The flow cytometry assay showed that the mixture of bisphenols induces an increase in cell apoptosis that was not observed in the quadrant associated with necroptosis, showing an essential difference with exposure to BPA alone. In the cardiovascular context, previous work realized by our team determined that BPA exposure could promote cell death by necroptosis through CAMKII [
13]. Nomura et al. [
46] observed that increased concentrations of cytoplasmic calcium promote necroptosis through the activation of CAMKII, which is coherent with evidence that relates BPA exposure with alterations in intracellular calcium [
47], ionic channels [
48,
49], or even intestinal absorption ability [
50]. However, the evidence in the present manuscript strongly suggests a differential effect promoted by the realistic mixture of bisphenols.

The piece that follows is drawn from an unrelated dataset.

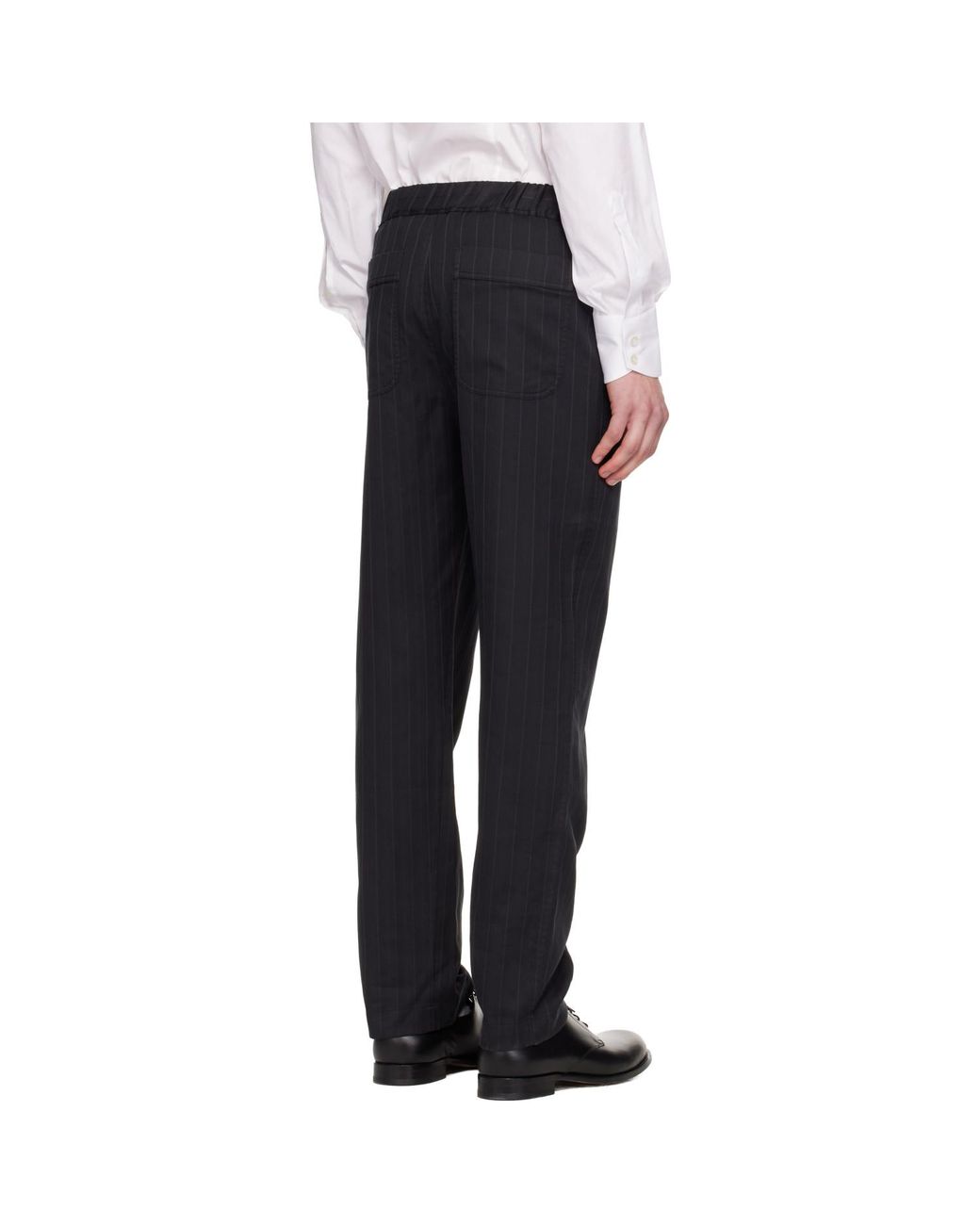 Tom Ford Black Herringbone Stripe Pleated Lounge Pants for men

It has been described that CASP8 can inactivate the TNFRSF1A complex activity by cleaving necroptotic protein RIP1 and, consequently, favor apoptosis through the activation of CAS3 or CAS7 [
36]. The Western blot and immunofluorescence analysis showed an increased expression of both CAS8 and CAS3, confirming the significant increase in cell apoptosis observed by flow cytometry. Furthermore, the relative expression of crucial proteins implicated in necroptosis, RIP3, and MLKL, was analyzed by Western blot. As expected, no changes were observed in the assays, confirming that BP
mix could promote cell death through different cellular mechanisms better than BPA alone.
In previous studies, we found that inflammation and oxidative stress in BPA induced cardiac effects and as a consequence of endothelial necroptosis [
14]. We have not tested the inflammatory potential of BP
mix. Consequently, further work on future cellular and animal study models will allow us to demonstrate the molecular mechanisms underlying the new pathological evidence related to the BPA mixture.

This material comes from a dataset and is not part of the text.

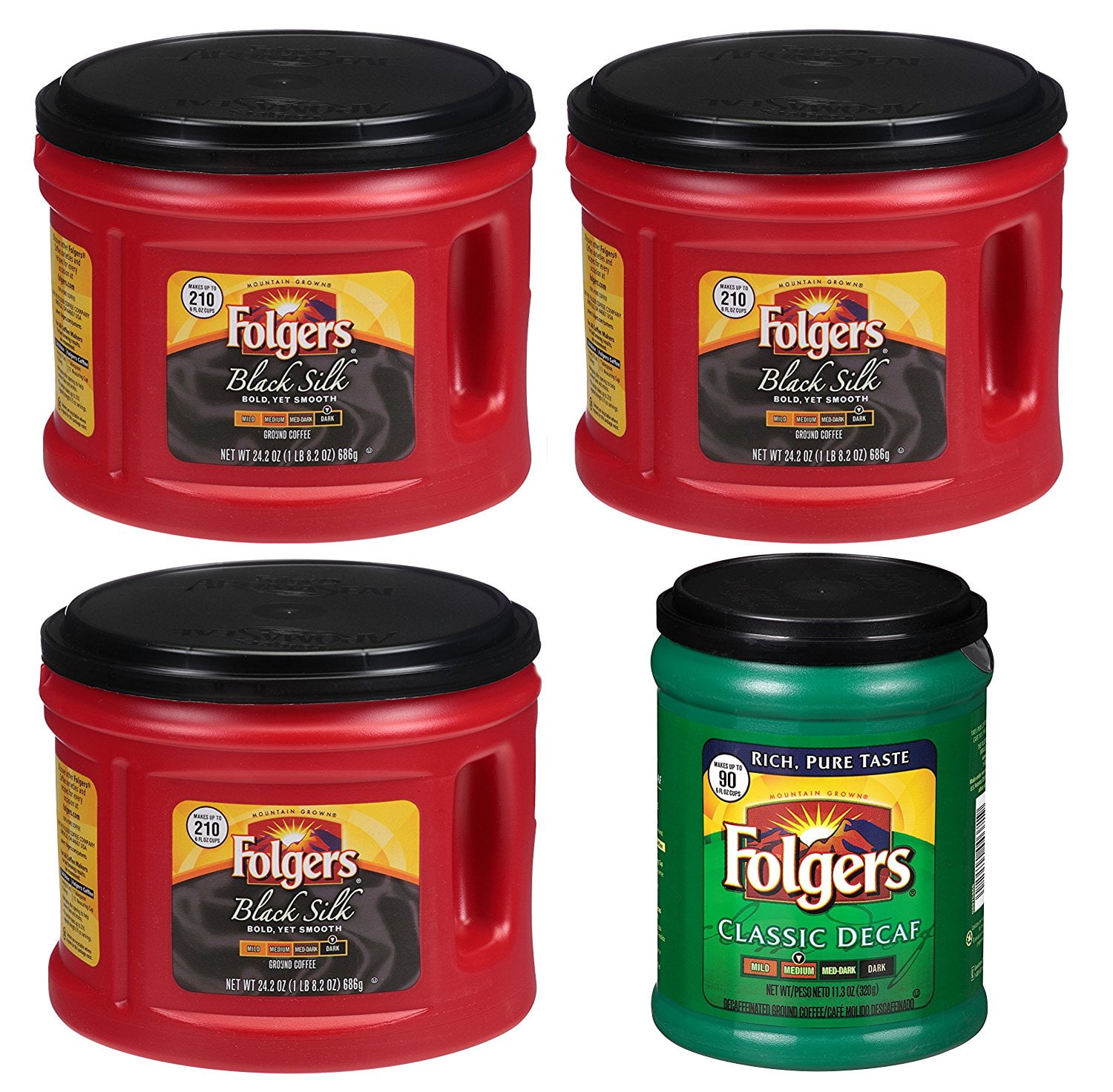 Folgers Coffee Combo 324.2oz Black Silk Coffee & 111.3oz Classic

The results described in the present work are novel due to the focus on combining bisphenols. In the literature, it is usual to find works developed in the context of a single molecule; however, the approach developed in the NHANES cohort, with the combined “real” exposure, coupled with the in vitro model proportional to the translational model, has provided completely novel evidence. Thus, despite the reduced effect on cell viability observed with BPS and BPF, individually, their combination with BPA in the human mean proportionality produces a potentiating effect. Furthermore, the observed change in the type of cell death associated with BPA or BPmix opens a new avenue for studying endocrine disruptors.
The clinical applicability of the findings is fundamentally related to the type of materials commonly used in the clinical context. Due to the physical properties of plastic polymers, they are commonly used in the clinical environment. Our results demonstrate the need to replace polymers derived from bisphenols or to limit their use as enhancers in the plastics industry.

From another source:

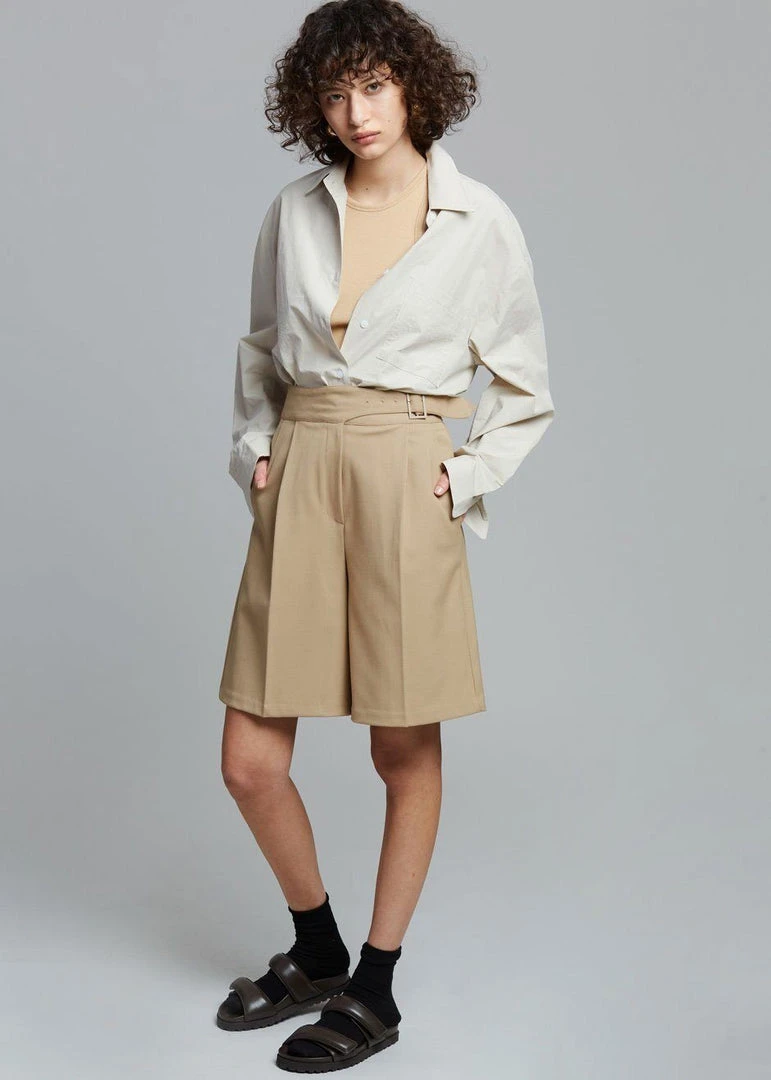 Mellor Aya Belted Suit Shorts - True Tan 3 Mellor Aya Belted Suit Shorts - True Tan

The results of the present work fundamentally represent the breaking of two paradigms: firstly, it proposes the need to modify the methodological approach related to the study of endocrine disruptors individually; and secondly, it implies an impact on the current system of plastics manufacturing. Companies are beginning to replace BPA with monomers such as BPS or BPF; however, the evidence points to the need to apply the precautionary principle. Today, many products are marked as “BPA-free”. It is commonly found in most plastic products related to breastfeeding and newborns. However, the new substitute molecules likely do not provide a health benefit, as they could pose a risk comparable to that of BPA itself. The heterogeneity of uses of bisphenols is a problem for the consumer since they are found in most food packaging in varying proportions, as well as in everyday objects and even sanitary equipment. As a result, it is impossible to avoid contact with them. However, consumers must know they can replace plastic packaging and containers with glass. Consumers must not heat plastic containers due to the increased release of endocrine disruptors by heat. For example, using glass bottles in the baby’s early life stages could significantly reduce exposure to bisphenols.